The following article first appeared in The Echo of Cantley Volume 25 no 8, March 2014. This article is made available for the enjoyment of others with the express permission of the Echo of Cantley.
We are fortunate to have an abundance of the one type of tree (the maple) and the one type of climate (cold) that will enable us to produce the most perfect of all foods - maple syrup (and all its wonderful forms: candy, taffy, butter and sugar...).
First Nations (and the famous botanist Marie Victorin) talked of watching squirrels licking wounds left by broken maple branches as the first indication that "maple water" may be sweeter than others. Historical records of the early explorers of the 17th and 18th centuries frequently mention maple syrup production by First Nation people. Eventually, by the 19th century the Europeans incorporated the practice and began to transform it with buckets, spiles and wood fired evaporators.
About 85% of the world's maple syrup is produced in Canada and about 90% of Canada's supply comes from Québec! There are about 10,000 registered maple syrup "Producers" in Québec with the Féderation des producteurs acéricoles du Québec - the marketing board that purchases and bulk sells to the domestic and international market. Production in the maple syrup industry is generally measure in the number of taps with most official "Producers" having at least (wait for this) 10,000 taps.
Then there is Cantley version of a "Producer" - I am one of them with a grand total of 15 taps. Yet I know that I share this hobby with hundreds of others. What a wonderful way to celebrate our heritage, to connect with nature, to celebrate the return of Spring and to pretend, in a limited way to "live off the land". And the friends you will make when that sap is boiling away! Incredible!

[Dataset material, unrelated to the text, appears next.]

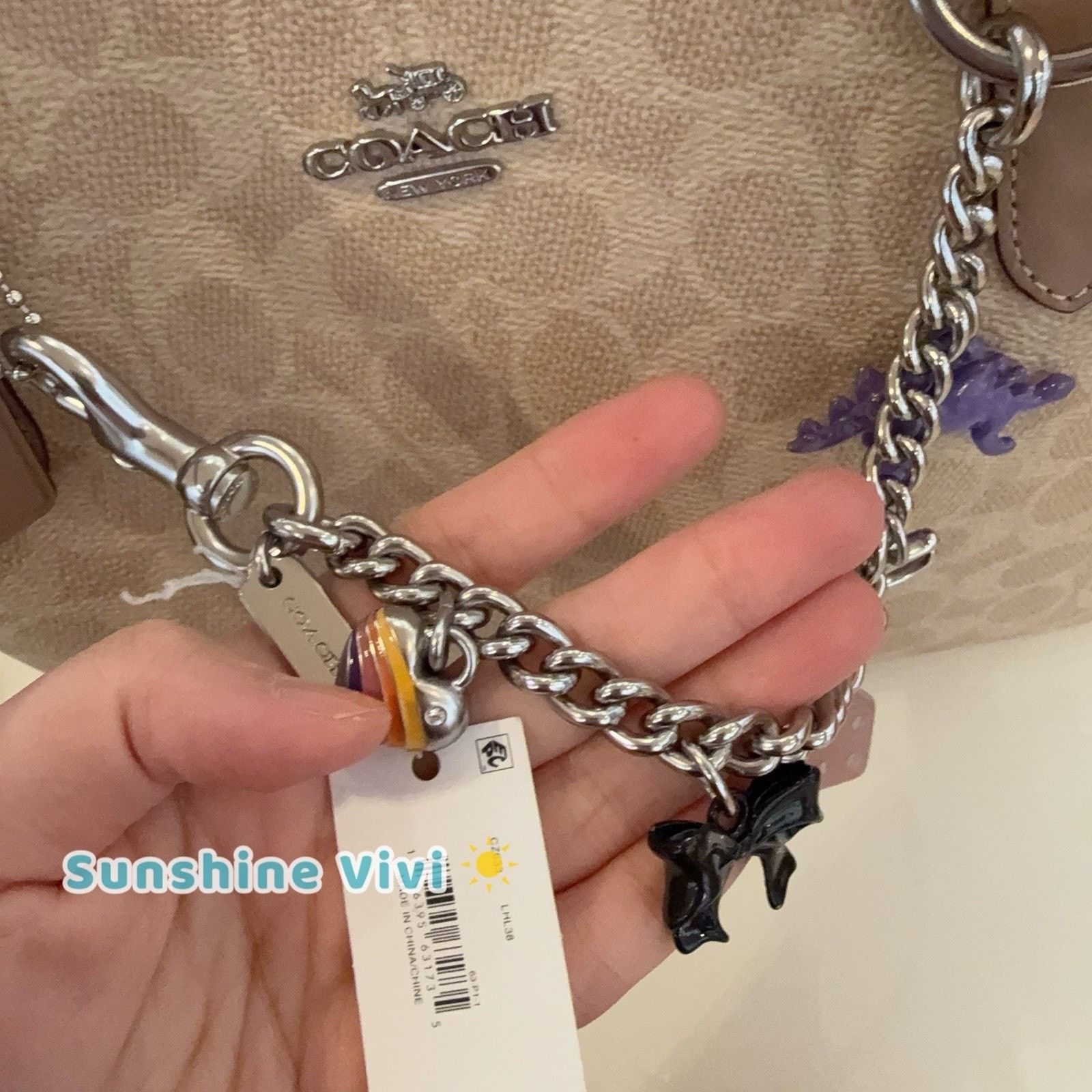 Coach NWT Bundle Coach Medium City Tote CDX82 & CZ633 Motif Chain Size ONE SIZE - 2 Thumbnail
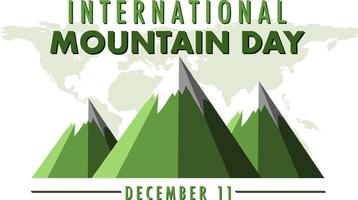 International Mountain Day Poster Template vector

The biology of all this is well known but at the same time a little mysterious. We use maple trees because they have the sweetest, best tasting sap. Any species of maple will do but sugar maple (Acer saccharum) and black maple (Acer nigrum) have the sweetest sap (at 2%-3% sugar). Sugars manufactured by the leaves of the tree the summer before (remember your biology class) are sent to the roots for storage. With the longer days and higher temperatures of Spring, the tree calls on these sugar reserves to initiate bud expansion and hence a new set of leaves. When we tap the maple tree, we are technically tapping the "xylem" of the tree - withdrawing approximately 7% of the total sap. Maple trees can be tapped at about 40 years old and will yield sap well into their 200th year with no long-term damage to the tree. Tapping is traditionally done by drilling a 7/16 inch hole about 5 cm (2 inches) deep in trees at least 25 cm (10 inches) in diameter. The number of taps/tree increases with the diameter with really big trees (63 cm diameter or 25 inches) taking four taps. Traditionally a bucket with a lid is hung from a spile that is driven into the hole. From there the magic begins! A well drilled tap in a sugar maple tree can easily yield one litre of finished syrup during the season.

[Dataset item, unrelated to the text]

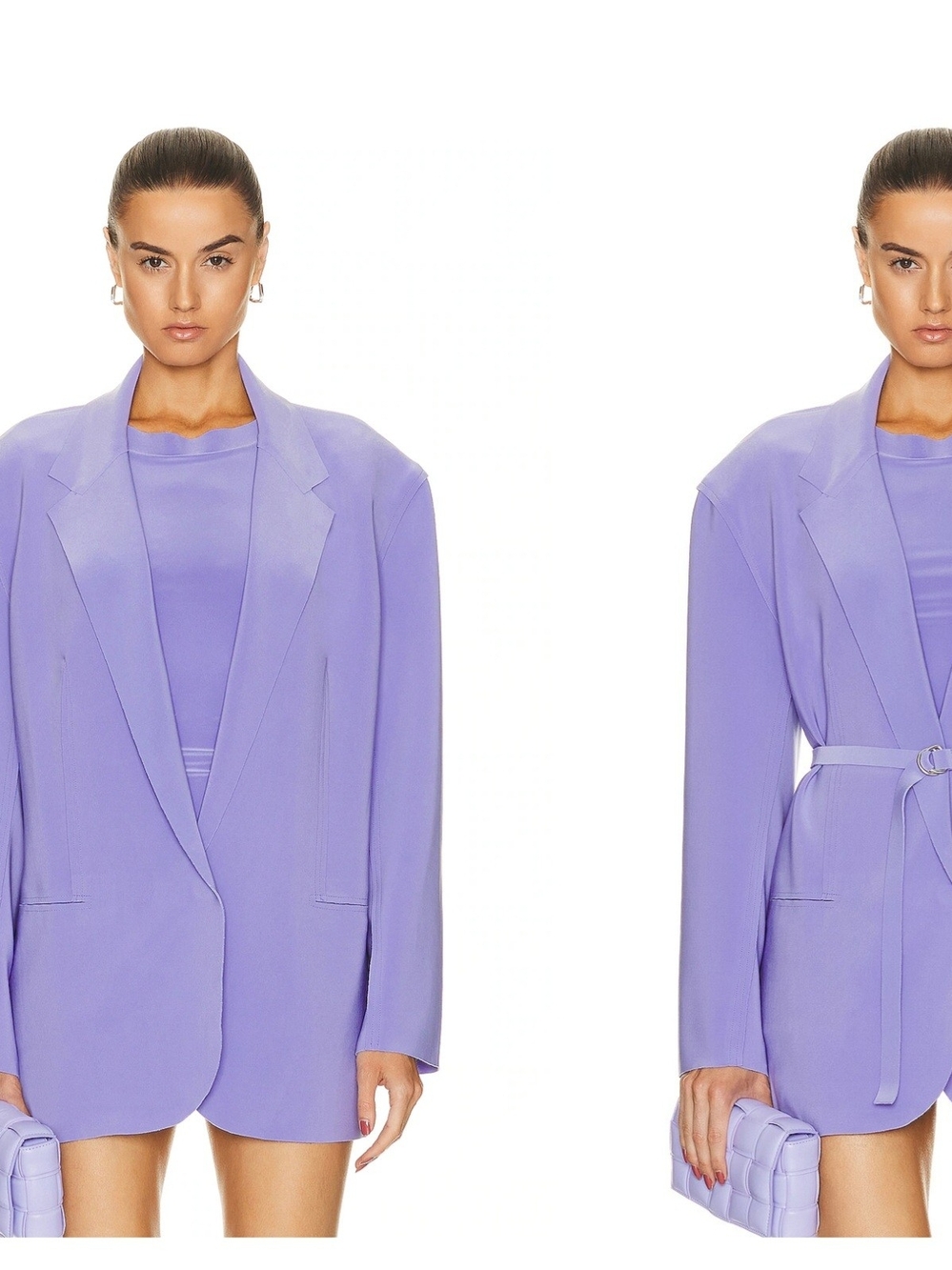 Norma Kamali Lilac Oversized Blazer Jacket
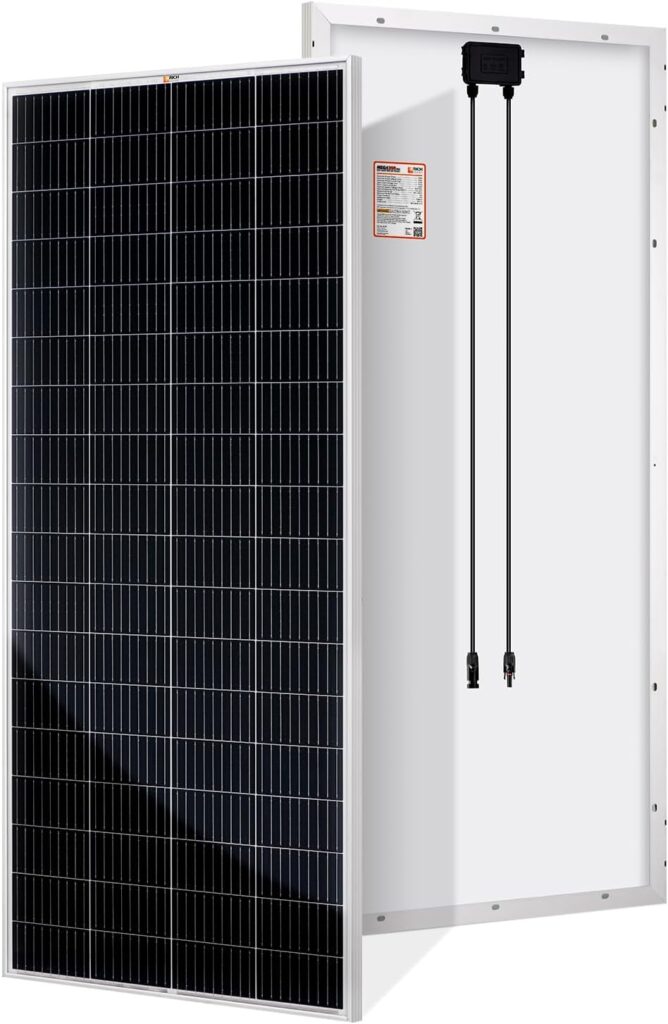 RICH SOLAR 200 Watt 24 Volt 9BB Cell Monocrystalline Solar Panel High Efficiency Solar Module for RV Trailer Camper Marine Off Grid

But this is not without a huge amount of collecting and boiling...Because the sap can spoil on warm days, the sap has to be collected daily and either kept cold or sent to the evaporator. The ratio of sap to finished syrup is about 40:1, so the amount of boiling is tremendous!
Maple sap becomes maple syrup when the sugar density is 66.7 degree Brix (the measure of sugar content) or when the boiling point is 4oC above that of boiling water.
Today, there are many technological innovations for serious producers such as pipeline systems and reverse osmosis. But for us the "Cantley Producers" the bucket and boil method (by wood fire or propane) will probably always prevail. Besides, what a great way to connect with our historical traditions. So enjoy the welcome of Spring by visiting a sugar bush with your friends or workmates, buying maple products and trying to produce maple syrup, the nectar of the Gods on your own land and feel proud to be a Cantleyan/Québécois/Canadian!
Michael Rosen is the Vice-Chair of Cantley 1889 and President of Tree Canada.